Saturday, January 9, 2010

Winter '09 / '10 - Winter Temperatures and the Arctic Oscillation


From NASA/s Earth Observatory...


"This image illustrates how cold December was compared to the average of temperatures recorded in December between 2000 and 2008. Blue points to colder than average land surface temperatures, while red indicates warmer temperatures. Much of the Northern Hemisphere experienced cold land surface temperatures, but the Arctic was exceptionally warm. This weather pattern is a tale-tell sign of the Arctic Oscillation."
More...

The AO is a response to forcing...not a forcing in and of itself.

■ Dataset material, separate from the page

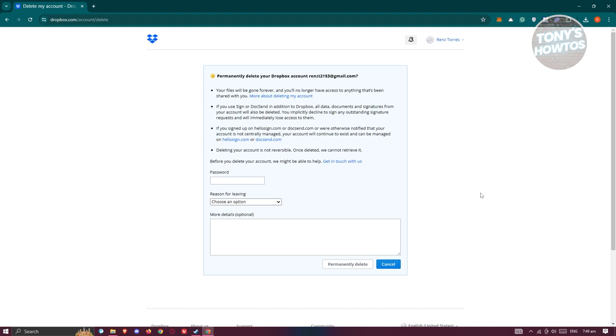Now also if you use Sign or DocSend in addition to your Dropbox, all data, document signatures, or anything related to that will be deleted and you won't be able to recover it. If you signed up to hellosign.com or docsend.com otherwise notified that your account is not centrally managed, your account will continue to exist and can be managed in the according platform itself.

What caused the cold outbreak was a stratospheric warming event during late NOV / early DEC.  This caused the polar vortex to slow...split in two...and reverse direction...creating an anti-cyclonic (clock-wise) circulation aloft. The reversal took ~3 weeks to propagate to the surface...creating HIGH pressure over the pole....which in turn created favorable conditions for arctic outbreaks and high-latitude blocking...such as the one currently observed.

These reversal events occur preferentially during years (such as this one) where an east wind is observed in the tropical stratosphere...the quasi-biennial oscillation - QBO...and solar activity (sunspots) is low. Above normal snowfall in eastern Eurasia this fall played a significant role in initiating the stratospheric warming event.

HIGH pressure @high-latitudes is indicative of negative NAO and negative Arctic Oscillation (AO); however...to blame the cold on -NAO / -AO is just plain wrong.

1 comment:

Tenney Naumer said...

Thank you for explaining this on Dot Earth.